* HOW TO COMPLETE THIS TASK *
Without the images, write out the whole listing exactly.

* PROVIDED MATERIAL *
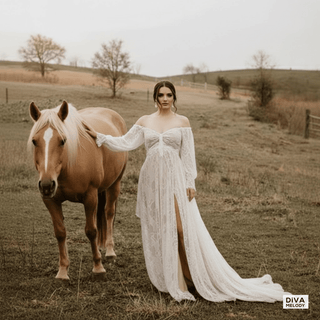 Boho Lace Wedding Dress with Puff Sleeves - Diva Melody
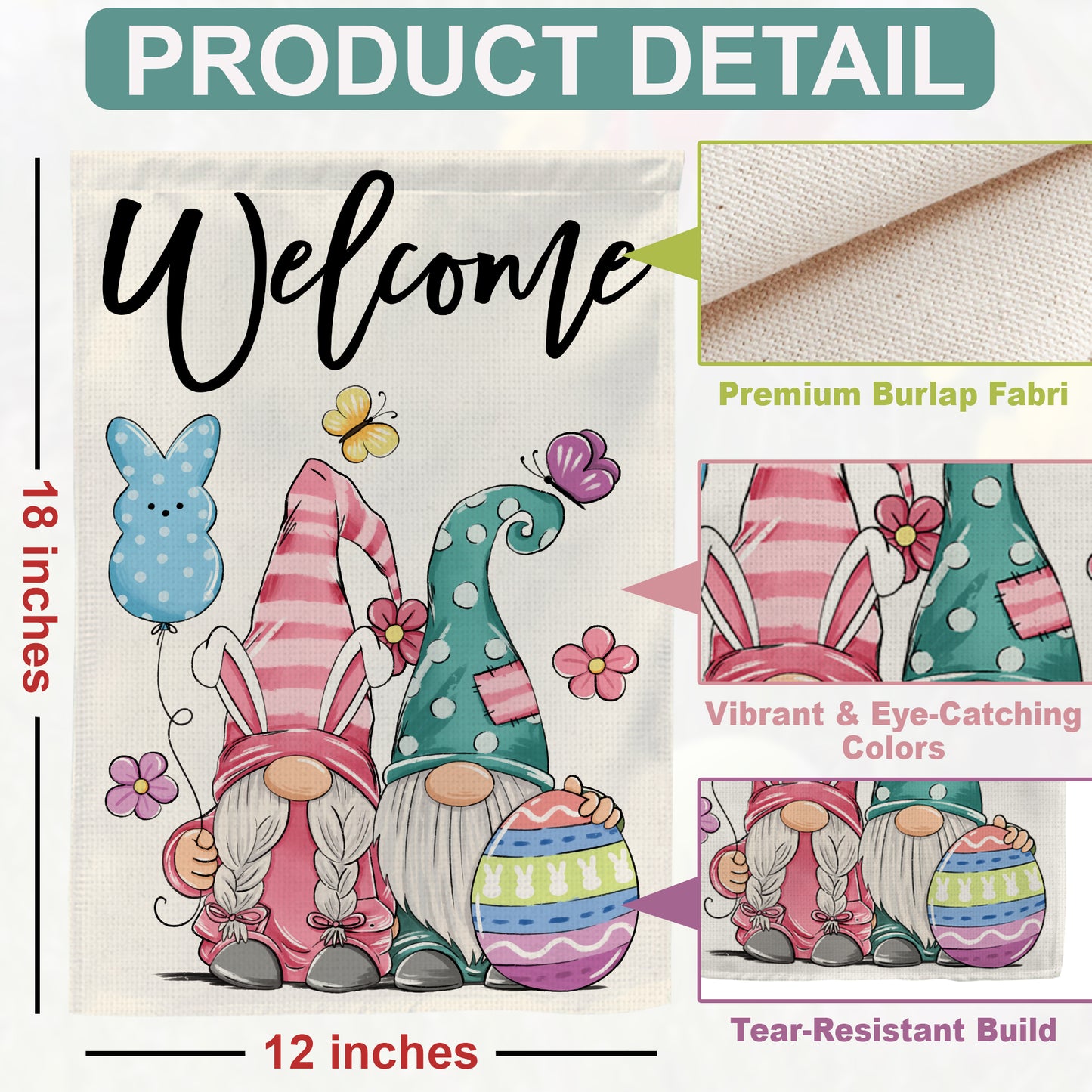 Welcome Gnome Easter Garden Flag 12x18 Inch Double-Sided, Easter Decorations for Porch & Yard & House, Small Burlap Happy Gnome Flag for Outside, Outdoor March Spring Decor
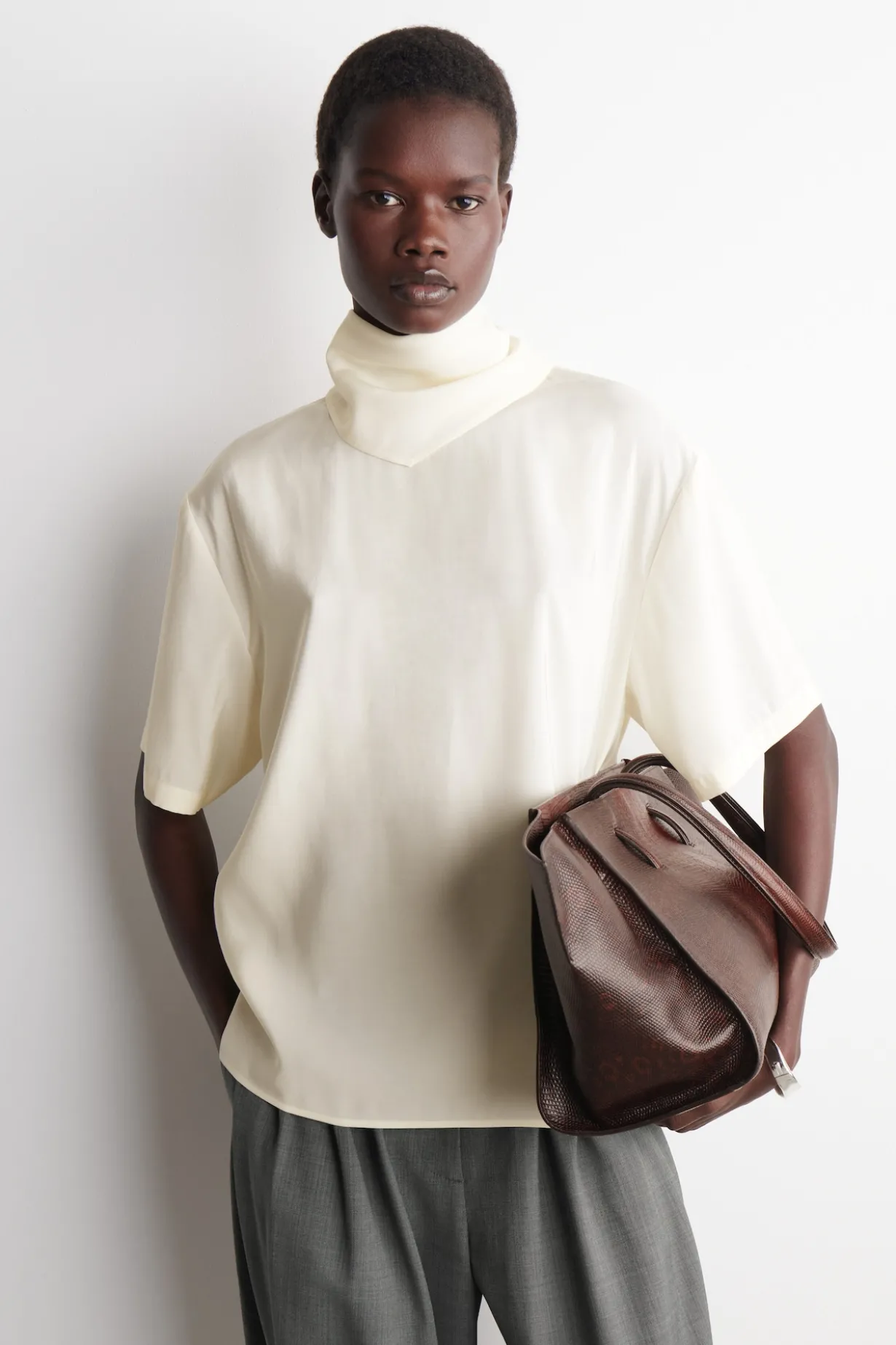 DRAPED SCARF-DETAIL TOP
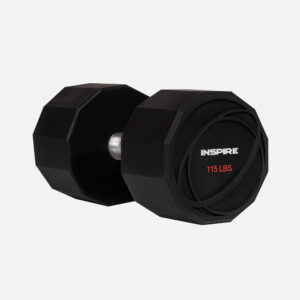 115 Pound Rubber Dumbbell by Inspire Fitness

* THE COMPLETED TASK *
 Boho Lace Wedding Dress with Puff Sleeves - Diva Melody
 Welcome Gnome Easter Garden Flag 12x18 Inch Double-Sided, Easter Decorations for Porch & Yard & House, Small Burlap Happy Gnome Flag for Outside, Outdoor March Spring Decor
 DRAPED SCARF-DETAIL TOP
 115 Pound Rubber Dumbbell by Inspire Fitness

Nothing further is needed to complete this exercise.